In this interview with Knowledge@Wharton, she talks about a new paper, “Clicks and Editorial Decisions: How Does Popularity Shape Online News Coverage?” The paper, which was co-authored by Ananya Sen, a doctoral candidate in economics at the Toulouse School of Economics in France, teases out the differences in how high-traffic stories get treated in terms of longer-term coverage.
An edited transcript of the conversation appears below.
Searching for a Bias toward Profit:
In this study, what we are interested in is documenting any sort of bias that might be happening in newspapers related to the availability of digital data and big data. Consumers often wonder what goes through an editor’s mind when they look at newspapers: How do news stories make it to the newspaper that they read or the TV that they watch? Are they selected based on some sort of particular agenda of the newspaper, or are they sorted based on their importance?

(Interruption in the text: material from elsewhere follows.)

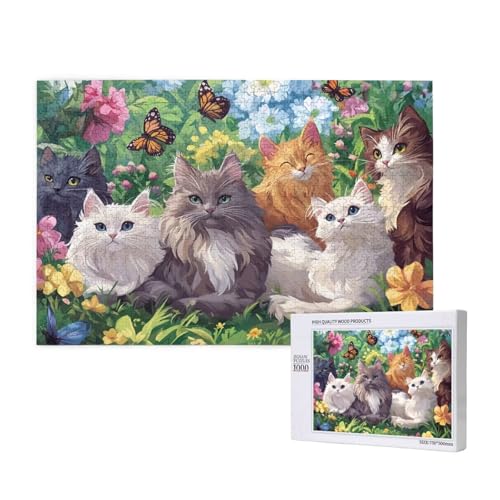 Puzzle 3000 Teile Katze Puzzles für Erwachsene Blume HD Puzzel Anspruchsvolles und Lustig Kreatives Unterhaltungsspiel, DIY Holzpuzzle für Erwachsene Als Feiertage Deko Geschenk fur Frauen M-633 Puzzle 3000 Teile Katze Puzzles für Erwachsene Blume HD Puzzel Anspruchsvolles und Lustig Kreatives Unterhaltungsspiel, DIY Holzpuzzle für Erwachsene Als Feiertage Deko Geschenk fur Frauen M-633 von Yeogcohe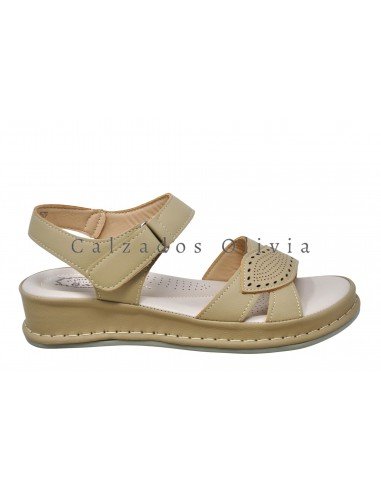 Zapatos y Calzados QH-1579 BEIGE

Now, if you ask a journalist, up until recently, at least, they would give you the answer that, “Yes, news stories are selected based on their newsworthiness, their importance, and the novelty — how important they are, how new they are, to the public.” However, if this is the case, consumers may also wonder, “Why is it that we see so many cat pictures?” or “Why is it that we see so many quizzes on the news media?”
We had an alternate hypothesis: Perhaps there are other concerns in an editor’s mind, especially these days, when the editors are fed so much information about how the individual stories on online news websites are doing.In particular, we were thinking that there might be a relationship between the traffic that individual articles receive and how long stories and particular topics are covered in a newspaper Twitter. We tested this hypothesis using data from a large online version of a reputable Indian newspaper. We wanted to see if those stories whose first articles received a high number of clicks for various reasons were somehow covered for a longer period of time in the newspaper. We also tested various additional measures of resources that an editor might allocate to the story.“When we looked at whether traffic that’s received by articles influenced the coverage of stories, we found that the effect is present only for the hard news.”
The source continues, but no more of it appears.